18.07.2023
Atuty łąki kwietnej
Ostatnio pisaliśmy nieco na temat łąk kwietnych – ostatnio bardzo modnych. Oczywiście, jak to na nasz portal przystało, skupialiśmy się na mankamentach i trudnościach związanych z zakładaniem takiej łąki. Dziś skupmy się na zaletach…
Było o trudnościach związanych z zakładaniem łąki kwietnej, niemniej niewątpliwie łąka taka – założona w prawidłowy sposób – ma mnóstwo atutów – przyrodniczych, estetycznych, a także dla naszej kieszeni.
-
Łąka kwietna – a właściwie nawet zwykły, nieskoszony trawnik – to raj dla pszczół i innych owadów, ale też drobnych zwierząt.
- Owady, to przecież podstawowy pokarm dla wielu ptaków. Niektóre rośliny same w sobie mogą stanowić pożywienie dla mniejszych ptaków, będąc też dla nich schronieniem.
- Łąka kwietna to również potencjalne schronienie dla innych zwierzaków – jak żaby, jaszczurki, itp.
- Kolejną bardzo ważną funkcją jest bioretencja – każdy zielony obszar ma funkcję naturalnego gromadzenia wody – z jednej strony zapobiegając jej ucieczce (woda opadowa nie spływa jak po przysłowiowym betonie), z drugiej – przy dużej bioróżnorodności – ma rozbudowany system korzeniowy, który w okresie suszy pozwala na pobieranie wody z głębszych warstw gleby.
- Każdy obszar zieleni tworzy mikroklimat – dostrzeżemy to choćby w upalne dni, kiedy na obszarach zielonych jest chłodniej, przyjemniej, łatwiej nam oddychać…
- Łąka kwietna stanowi też naturalny filtr dla pyłów, części zanieczyszczeń. Idealnie sprawdzają się więc przy drogach miejskich, w okolicach blokowisk, ale też np. jako pas oddzielający nasz ogród od drogi.
- Nie bez znaczenia są walory estetyczne – barwna, różnorodna, nieustannie zmieniająca się z dnia na dzień, tworząca wręcz baśniowy krajobraz… jedne kwiaty zakwitają, inne przekwitają, owszem – po jakimś czasie większość przekwita i nie wygląda może jak najpiękniejszy gazon we francuskim ogrodzie, ale wciąż jest zielona, ma swój urok – a nawet przekwitające, zasychające rośliny w naturalnym otoczeniu traw wyglądają wręcz magicznie…

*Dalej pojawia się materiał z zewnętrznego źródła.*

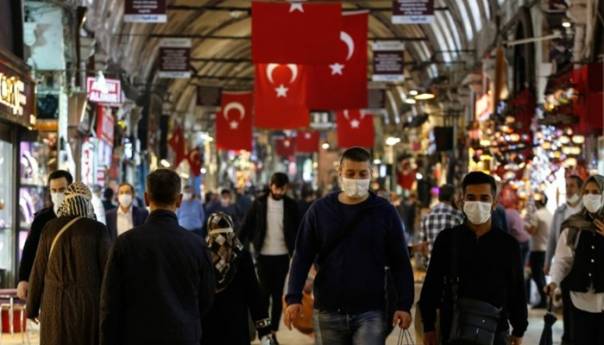 Turska uvodi policijski sat tokom cijelog vikenda i po noći radnim danima
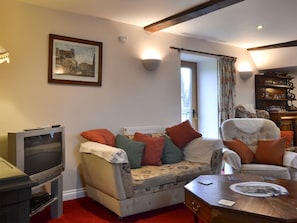 Spacious and confortable living and dining area | Stoke Court Farm Barn, Stoke St Milborough, near Ludlow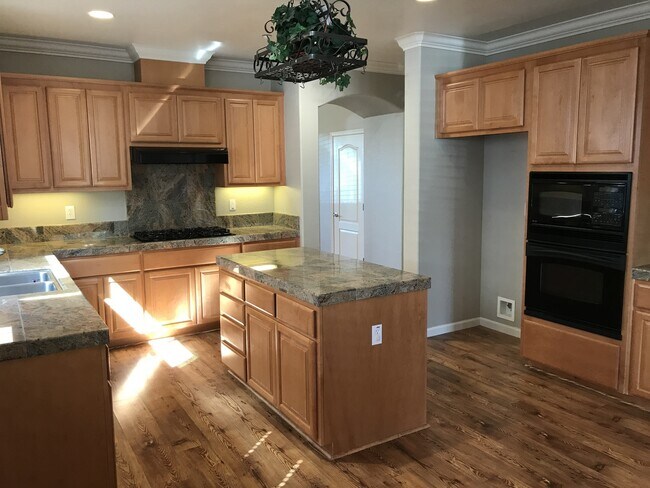 Beautiful Single Story, 3 Bedroom 2 Bath Brentwood photo 5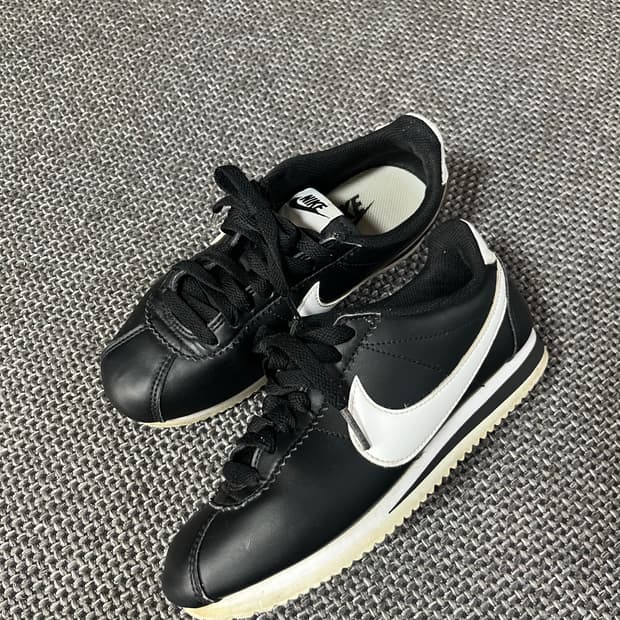 나이키 코르테즈 블랙 앤 화이트 운동화 220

- Nie bez znaczenia jest też oszczędność naszego czasu – chodzi o ograniczenie naszej interwencji do minimum – nie tracimy czasu na koszenie, plewienie. Z założenia nie używamy chemii, nawozów sztucznych… Oczywiście, szczególnie w okresie suszy, nie zaszkodzi odrobina podlewania.